Telle is motivated by the beauty of life around us, a child playing in the water, a tree covered in hoar frost against a brilliant sky. She is inspired by the play of light on glass and water, and the sparkle in an animal’s eye. Her incentive to create is a pencil or a brush in her hand.
“Coloured Pencil is where I am the most comfortable, it is the most rewarding medium for me.” Telle uses a process of layering and will use as many layers as the paper will take. She is drawn to intricate details and the control one can achieve with the pencils allows for that.
Telle started using Coloured Pencils when her children were small, and time was short and fell in love with them. It has been debated by many on whether coloured pencil work is considered drawing or painting. The dictionary defines Paint as applying pigment, colour, or paint to. And drawing is defined as producing a likeness or representation by making lines on a surface. Either way Telle loves them.
Telle’s Crystal Butterfly was featured in the Critique Section of Coloured Pencil Magazine.
Telle finds watercolour to be a challenging yet rewarding medium.
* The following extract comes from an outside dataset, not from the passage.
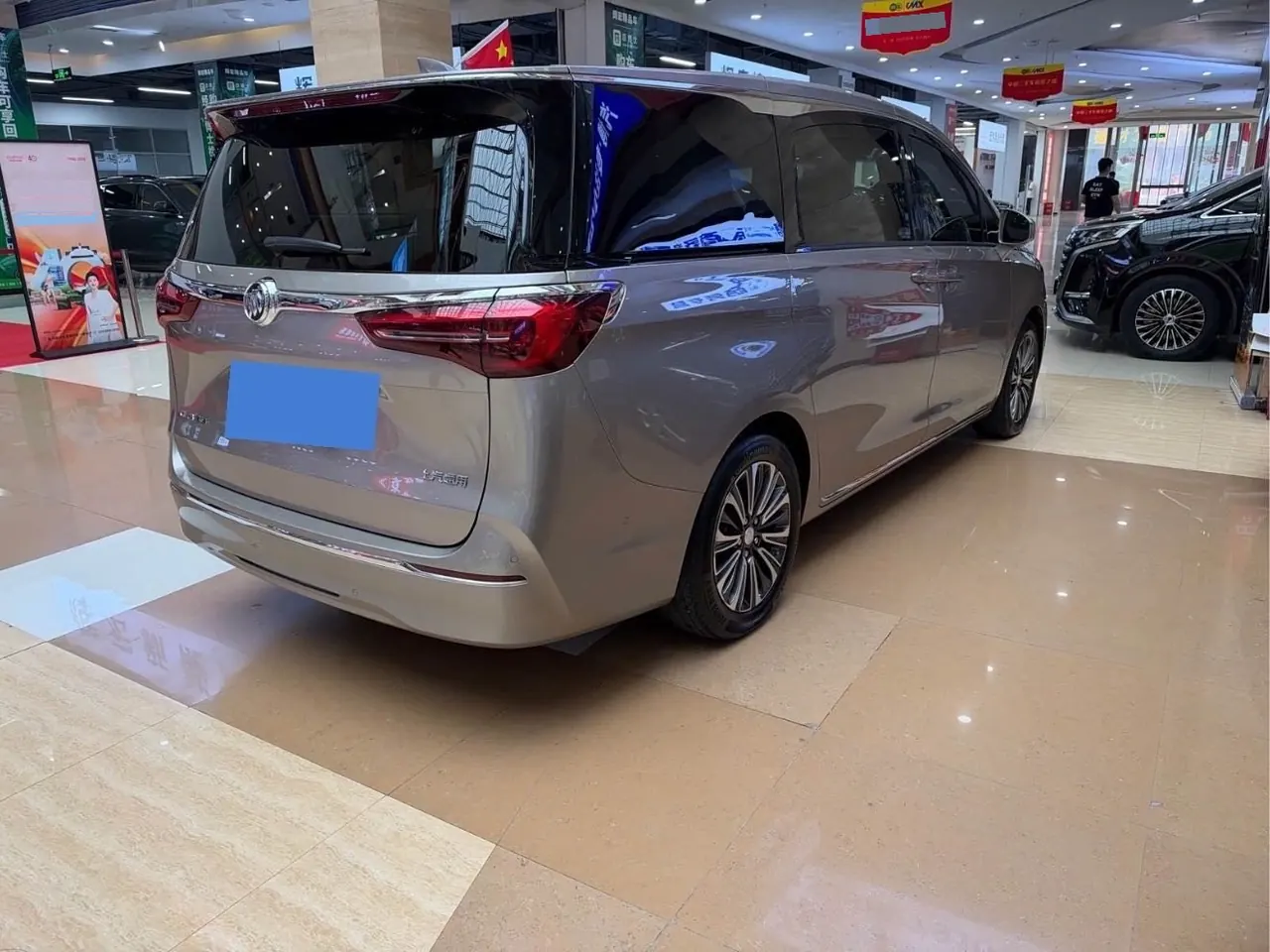 Buick 2023 GL8 ES Lu Zun 48V 2.0T 653T Smart Flagship Automatic Gear 4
A photograph is a static representation of a particular moment in time, where as a watercolour seems to be more alive, more open than a photograph, a representation of how one was feeling that day, more encompassing than a photo.
The fluidity and unpredictability of watercolour is one of the qualities Telle finds most fascinating. Capturing the light and the vibrancy of the colours in nature is her goal and watercolour is the only way to achieve that.
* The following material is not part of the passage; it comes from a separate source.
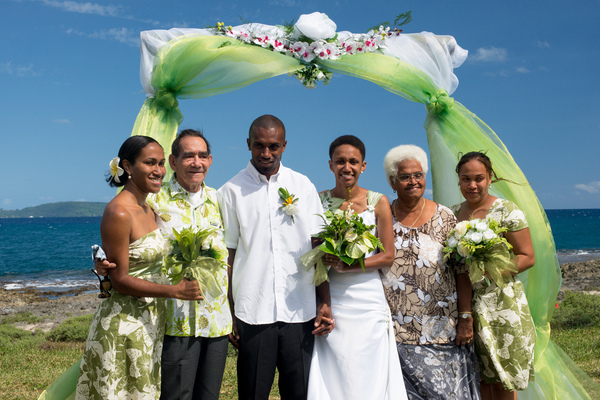 Wedding service near Mele.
Alcohol inks are her latest discovery and such a divergence from her typical mediums. They are fluid and brilliant in colour and so very unpredictable, it is like therapy for the coloured pencil artist.
Sherry Telle has been teaching how to use alcohol inks for several years and enjoys seeing how each artist uses the inks in their own way. Primarily, she uses them on Yupo, a plastic “paper”, that is also used with watercolours to create incredibly unique and individual images.